Remember when Rob and I saw Cass and got backstage at a Modest Mouse show in Berkeley in the spring, and the dressing room for Love as Laughter started on fire and we watched Modest Mouse churn out the ungrateful loathing from the wings of the stage with firefighters? I asked Isaac Brock backstage after the show, “What is it like to make music when you become so popular, don’t you feel like a servant to people’s expectations?” He made his rat face and said, “Listen, I don’t want to talk to you. I don’t give a fuck. I go to the bank, that’s music for me now, I go to the bank.” During one of their encores, I ran into the crowd and started hugging and loving all these girls who were just bonkers for that dick Isaac, just for the fun of it, but then the security would not let me backstage again and all of my stuff and Rob was back there.
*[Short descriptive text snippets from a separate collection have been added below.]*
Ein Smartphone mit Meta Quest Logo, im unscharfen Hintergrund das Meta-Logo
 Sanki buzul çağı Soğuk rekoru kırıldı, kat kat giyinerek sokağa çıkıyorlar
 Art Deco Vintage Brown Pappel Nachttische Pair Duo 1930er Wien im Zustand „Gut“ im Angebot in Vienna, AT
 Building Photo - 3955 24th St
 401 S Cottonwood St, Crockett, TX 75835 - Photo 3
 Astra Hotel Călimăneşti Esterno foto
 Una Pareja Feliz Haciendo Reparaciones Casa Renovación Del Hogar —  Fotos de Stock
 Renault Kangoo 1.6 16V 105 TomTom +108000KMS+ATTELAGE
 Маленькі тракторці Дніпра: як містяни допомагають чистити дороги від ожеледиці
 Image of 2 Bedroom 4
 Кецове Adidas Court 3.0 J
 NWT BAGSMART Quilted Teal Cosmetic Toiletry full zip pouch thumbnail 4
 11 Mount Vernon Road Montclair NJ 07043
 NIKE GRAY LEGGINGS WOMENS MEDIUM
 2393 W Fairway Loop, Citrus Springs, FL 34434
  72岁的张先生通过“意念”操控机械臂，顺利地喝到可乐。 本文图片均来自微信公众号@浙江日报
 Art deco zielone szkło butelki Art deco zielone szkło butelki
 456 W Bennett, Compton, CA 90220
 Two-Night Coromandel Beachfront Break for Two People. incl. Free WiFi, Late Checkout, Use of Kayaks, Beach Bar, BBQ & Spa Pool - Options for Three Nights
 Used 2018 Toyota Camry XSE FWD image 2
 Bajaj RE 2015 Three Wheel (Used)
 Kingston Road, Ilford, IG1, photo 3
So I began to climb the massive PA speakers until this one girl said she knew me and prevented the bouncers from killing me. Bless me!
I did get beat up by bouncers a couple of weeks later, at the Coachwhip’s “last” show, when thug security fuckers picked me up by the waistband of my jeans and carried me out of the show space because I tried to be a human shield when they were about to beat up my pal Rob.
Rob and I spent the early morning of Jan. 1 2005 together. We had been at a party together in East Oakland, but I went back to Grandma’s House a little after midnight and went to the rave in our warehouse building. I was in somebody’s bedroom at the rave and somebody said, “I work at Google, anybody want a free ecstacy?” I said, “Yeah, what the hell,” and found myself in a whirl of mysterious montage for the first few hours of this year. I remember standing in the darkned kitchen of the space and talking to a stranger, who I could not see. We had a long conversation, very embroidered and intense and he asked me to marry him and ride a motorcycle through Marin County with him. Then I went to another room, where there was a platform of grass growing in the windowless room, and crawled like kittens with a bunch of raver girls, who took an interest in me and played with my hair and asked me to try on their dresses. I loved those rave parties when I lived in Oakland, I would go alone and melt into the weirdo porridge and dance like a happy lunatic. After the rave on New Year’s, I went back to Grandma’s House and Rob was there, very drunk. We talked for a couple of hours and tried to make sense of Oakland, which is an avalanche of scars.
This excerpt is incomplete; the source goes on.